Required work: Reproduce the entries shown below only from the line with "KIIP ETP Jenjarom" down to the line with "Like Home - Terreaux Lyon Apartment", keeping both end lines and copying each one exactly.
Data records below:
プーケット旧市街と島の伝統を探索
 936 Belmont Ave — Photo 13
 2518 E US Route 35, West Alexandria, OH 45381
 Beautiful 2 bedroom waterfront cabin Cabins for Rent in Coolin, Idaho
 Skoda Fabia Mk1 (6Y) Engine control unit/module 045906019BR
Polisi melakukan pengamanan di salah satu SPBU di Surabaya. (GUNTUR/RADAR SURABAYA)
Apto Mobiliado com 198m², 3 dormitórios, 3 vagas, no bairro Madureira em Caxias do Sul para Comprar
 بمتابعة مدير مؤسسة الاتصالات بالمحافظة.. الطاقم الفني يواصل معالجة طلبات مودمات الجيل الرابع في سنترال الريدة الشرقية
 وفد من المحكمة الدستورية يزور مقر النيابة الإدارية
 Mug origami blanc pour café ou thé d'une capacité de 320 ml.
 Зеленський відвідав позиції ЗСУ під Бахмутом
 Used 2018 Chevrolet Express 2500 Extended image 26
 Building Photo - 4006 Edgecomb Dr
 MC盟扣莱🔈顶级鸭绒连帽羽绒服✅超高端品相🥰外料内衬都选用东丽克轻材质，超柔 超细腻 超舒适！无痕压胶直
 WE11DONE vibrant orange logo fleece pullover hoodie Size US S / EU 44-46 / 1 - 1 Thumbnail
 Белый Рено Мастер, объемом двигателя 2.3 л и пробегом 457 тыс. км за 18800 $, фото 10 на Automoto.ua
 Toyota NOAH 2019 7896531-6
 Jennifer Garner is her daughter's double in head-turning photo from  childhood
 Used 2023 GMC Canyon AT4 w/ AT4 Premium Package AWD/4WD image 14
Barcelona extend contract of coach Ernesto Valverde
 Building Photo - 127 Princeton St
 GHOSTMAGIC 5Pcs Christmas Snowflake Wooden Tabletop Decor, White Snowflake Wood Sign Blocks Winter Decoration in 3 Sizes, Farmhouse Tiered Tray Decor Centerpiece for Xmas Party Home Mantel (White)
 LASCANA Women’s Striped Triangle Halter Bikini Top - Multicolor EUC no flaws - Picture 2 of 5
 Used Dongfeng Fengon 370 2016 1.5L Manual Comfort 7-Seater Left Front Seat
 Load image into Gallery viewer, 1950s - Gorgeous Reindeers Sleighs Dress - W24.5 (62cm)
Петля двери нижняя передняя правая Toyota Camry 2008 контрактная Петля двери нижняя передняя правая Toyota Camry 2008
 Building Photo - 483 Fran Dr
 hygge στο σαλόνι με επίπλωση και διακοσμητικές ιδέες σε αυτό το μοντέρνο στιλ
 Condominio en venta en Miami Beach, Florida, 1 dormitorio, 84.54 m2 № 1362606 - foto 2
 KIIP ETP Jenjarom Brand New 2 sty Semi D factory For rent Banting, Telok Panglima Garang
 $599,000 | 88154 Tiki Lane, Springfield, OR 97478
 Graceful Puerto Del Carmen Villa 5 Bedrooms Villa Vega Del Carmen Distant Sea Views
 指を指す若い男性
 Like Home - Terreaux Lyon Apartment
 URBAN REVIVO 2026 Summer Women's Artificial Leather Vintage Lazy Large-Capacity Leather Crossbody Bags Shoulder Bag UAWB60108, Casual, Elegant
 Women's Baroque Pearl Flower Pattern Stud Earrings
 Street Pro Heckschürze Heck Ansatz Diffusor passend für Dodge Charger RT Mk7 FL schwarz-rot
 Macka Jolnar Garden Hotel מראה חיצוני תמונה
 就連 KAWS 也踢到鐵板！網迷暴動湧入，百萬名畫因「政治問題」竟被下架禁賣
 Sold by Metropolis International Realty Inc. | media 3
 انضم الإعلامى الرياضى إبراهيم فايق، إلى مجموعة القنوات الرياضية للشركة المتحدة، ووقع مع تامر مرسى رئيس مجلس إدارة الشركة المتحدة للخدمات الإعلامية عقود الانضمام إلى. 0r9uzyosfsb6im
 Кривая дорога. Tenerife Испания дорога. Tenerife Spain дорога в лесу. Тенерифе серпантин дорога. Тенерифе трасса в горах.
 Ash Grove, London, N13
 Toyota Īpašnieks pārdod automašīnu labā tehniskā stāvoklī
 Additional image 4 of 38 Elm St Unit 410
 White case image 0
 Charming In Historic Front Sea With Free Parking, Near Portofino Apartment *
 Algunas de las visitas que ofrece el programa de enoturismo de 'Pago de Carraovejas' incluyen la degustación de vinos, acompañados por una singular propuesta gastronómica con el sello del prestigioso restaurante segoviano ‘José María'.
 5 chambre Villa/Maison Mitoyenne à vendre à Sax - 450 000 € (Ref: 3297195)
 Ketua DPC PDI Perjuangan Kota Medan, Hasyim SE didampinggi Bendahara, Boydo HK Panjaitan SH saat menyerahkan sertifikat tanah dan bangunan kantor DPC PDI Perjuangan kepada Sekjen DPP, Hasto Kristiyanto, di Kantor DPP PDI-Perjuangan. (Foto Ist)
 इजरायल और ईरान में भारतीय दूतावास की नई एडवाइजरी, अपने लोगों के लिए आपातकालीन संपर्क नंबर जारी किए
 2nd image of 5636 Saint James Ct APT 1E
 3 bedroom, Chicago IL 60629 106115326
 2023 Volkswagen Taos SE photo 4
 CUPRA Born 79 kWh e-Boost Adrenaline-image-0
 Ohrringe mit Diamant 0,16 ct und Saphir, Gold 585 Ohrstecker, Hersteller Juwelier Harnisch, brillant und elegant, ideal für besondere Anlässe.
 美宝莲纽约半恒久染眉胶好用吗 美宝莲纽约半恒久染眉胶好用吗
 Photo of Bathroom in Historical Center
End of Data records.
Task answer:
 KIIP ETP Jenjarom Brand New 2 sty Semi D factory For rent Banting, Telok Panglima Garang
 $599,000 | 88154 Tiki Lane, Springfield, OR 97478
 Graceful Puerto Del Carmen Villa 5 Bedrooms Villa Vega Del Carmen Distant Sea Views
 指を指す若い男性
 Like Home - Terreaux Lyon Apartment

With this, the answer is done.